Wednesday, March 26, 2008

"Like Pay Phones, Who Uses These Anymore?"


This lonely stack of phone books has been sitting at my building's entrance for a week, untouched. With free 411 service on our cell phones, and our computers armed with www.switchboard and Google to find a name or business in any city, who fusses with these anymore?

"I Was Bored During a Meeting, So I Photographed the Kayakers"


As a neighborhood newspaper reporter/photographer I must cover meetings where the speakers convey plans of a new development or road or bridge repair to the public, "the audience."

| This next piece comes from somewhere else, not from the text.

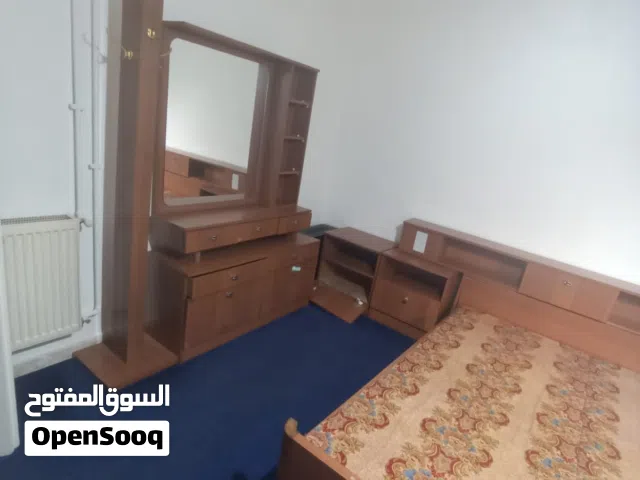 غرفة نوم بحالة جيدة للبيع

They are all similar. The speakers slickly present what the city has decided, and ask for questions from the audience. The audience asks, "Will you be taking our input here into account?"
The former environmentalist hired by the city because the pay was better says, "We are always interested in the concerns of the public, however these are the final plans."
Then the audience asks, "Then why were we asked to this meeting? Couldn't you have sent us a flier instead?"
Then the another presenter, usually a tall man in a tie with silver hair steps up to the mike to the rescue, "Our engineers have studied this blah blah blah and feel that the best way to blah blah blah is to..."
Then the audience snickers to one another as if to say, "The wrong damn people are in charge of this city."
 

Tuesday, March 25, 2008

"Unsettling Beauty"


Mount Rainier is Washington's highest point. This 14,411 foot volcano is considered active, and looms over Seattle just 55 miles away, the same distance between Chicago and the Zion Nuclear Plant.

The locals here are not too concerned. Geologists say the volcano erupts just once every 1000 years, and it has not had a major eruption since, well, about 1000 years ago.